- YOUR INSTRUCTIONS -
Set the whole listing down again, word for word, with no pictures.

- INFORMATION SHOWN -
__________
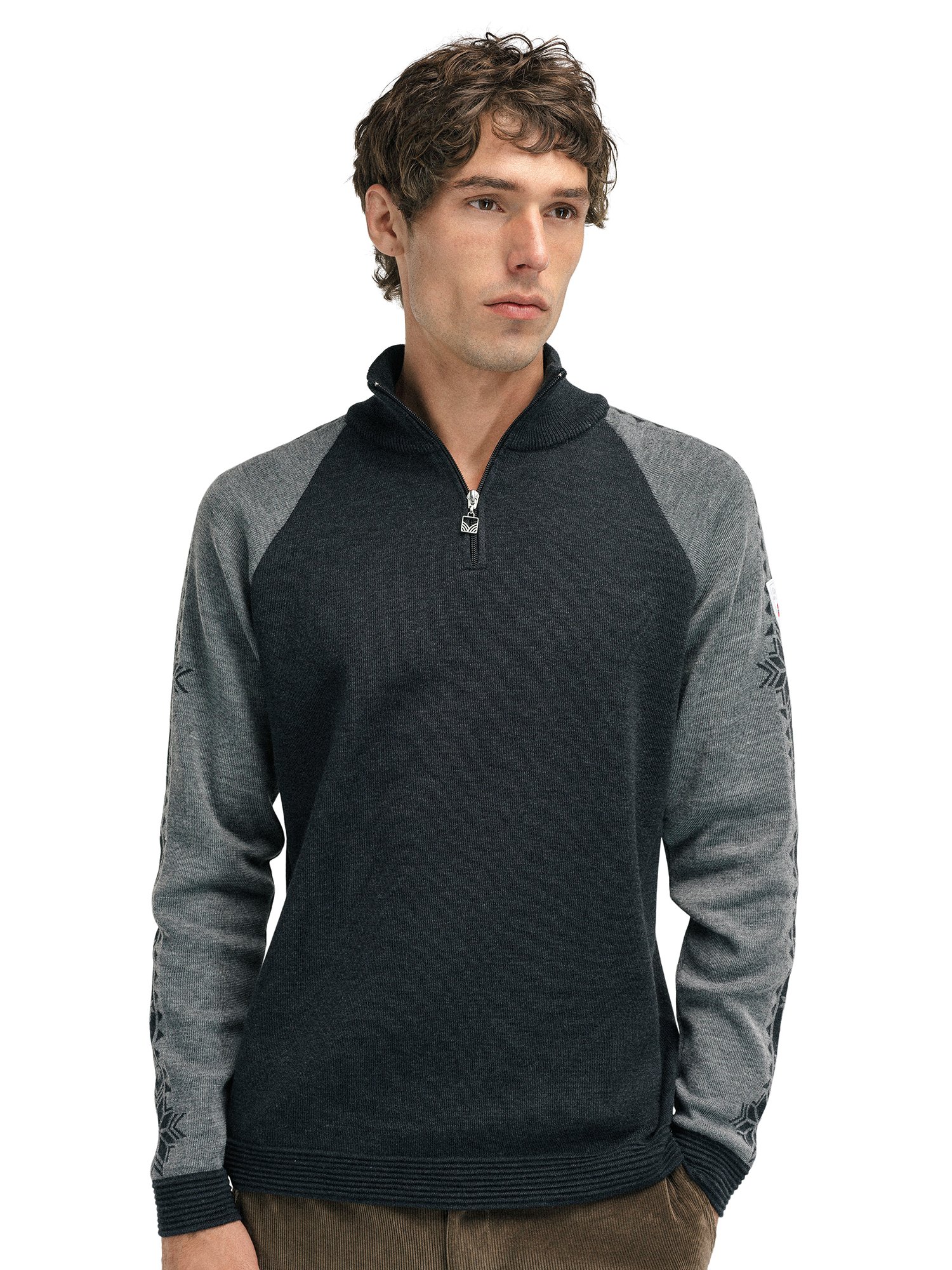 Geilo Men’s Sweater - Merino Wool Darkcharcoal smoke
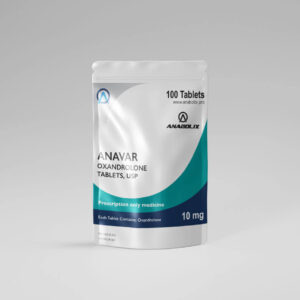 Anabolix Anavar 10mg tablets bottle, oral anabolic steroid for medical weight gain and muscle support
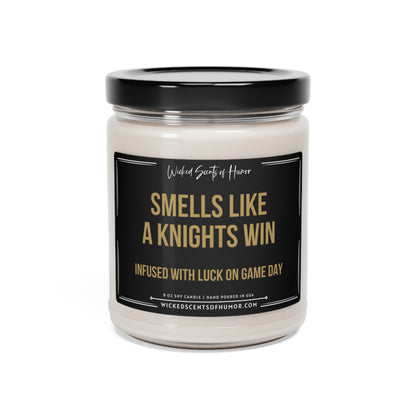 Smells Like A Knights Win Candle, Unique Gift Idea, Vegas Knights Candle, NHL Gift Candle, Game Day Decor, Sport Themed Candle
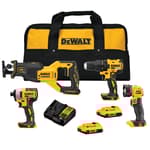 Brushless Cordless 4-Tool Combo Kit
__________
- SOLUTION FOR THIS TASK -
 Geilo Men’s Sweater - Merino Wool Darkcharcoal smoke
 Anabolix Anavar 10mg tablets bottle, oral anabolic steroid for medical weight gain and muscle support
 Smells Like A Knights Win Candle, Unique Gift Idea, Vegas Knights Candle, NHL Gift Candle, Game Day Decor, Sport Themed Candle
 Brushless Cordless 4-Tool Combo Kit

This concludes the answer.